Well, sure, if you can't read more than 14 words in one sitting. But for everyone capable of reading entire sentences at once.. no, that's not the language of the statute, you would have to be intentionally misreading it to make that statement.
Sorry, I’m not understanding what you’re seeing. The law says “purpose to cause” and then lists two things joined by an OR clause. But you’re arguing that the “purpose to cause” language is irrelevant. I don’t see that in my reading. Can you break it down for me?
If people here, in a place where many people write logic for a living, cannot parse simple logic out of a statue, imagine how a judge or a jury would do it.
I feel like often people in criminal justice do not understand meaning or intent of a statue and wing it, often slanting towards the side of punishing defendants. The law doesn't matter when your goal is to lock people up.
Maybe… however in the debate of this law, one side is saying “the law says you need purpose to cause” and the other side is saying “no it doesn’t. If you could read more than 14 words you would know that.”
I’m not a lawyer, but I imagine an objective observer would find the former argument more compelling than the latter.
> however in the debate of this law, one side is saying “the law says you need purpose to cause” and the other side is saying “no it doesn’t.
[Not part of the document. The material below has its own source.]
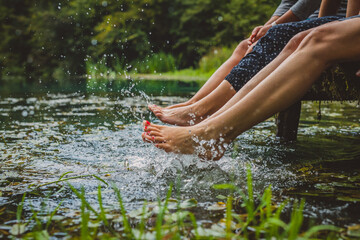 Detail of three young women with nice nails relaxing on a wooden pier and splashing their feet into...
If you could read more than 14 words you would know that.”
> I’m not a lawyer, but I imagine an objective observer would find the former argument more compelling than the latter
Now, I decided not spend more time and money on law school about half way through when I decided I’d rather stay in technology, but I don't see how anyone can argue with a straight face that the mental state requirement “with purpose to cause public inconvenience, annoyance or alarm or recklessly creating a risk thereof” (emphasis added) fails to apply to people recklessly causing a risk of public inconvenience, annoyance, or alarm just as much a to those acting with purpose to cause such inconvenience, annoyance, and alarm.
> I’m not a lawyer, but I imagine an objective observer would find the former argument more compelling than the latter.
I like to think that an objective observer might read the statute before deciding which argument he thought was more compelling. Certainly a lawyer would.
> you’re arguing that the “purpose to cause” language is irrelevant. I don’t see that in my reading.
Does it alarm you at all that the responses you're getting consist of (1) the suggestion that you're not able to read past the 14th word in a sentence, and (2) the observation "I don't see how anyone could say that with a straight face"?
> Can you break it down for me?
The statute is written very clearly on this point. It states two requirements for the offense to be committed; there is a state-of-mind requirement and an actual-conduct requirement. Both elements must be satisfied.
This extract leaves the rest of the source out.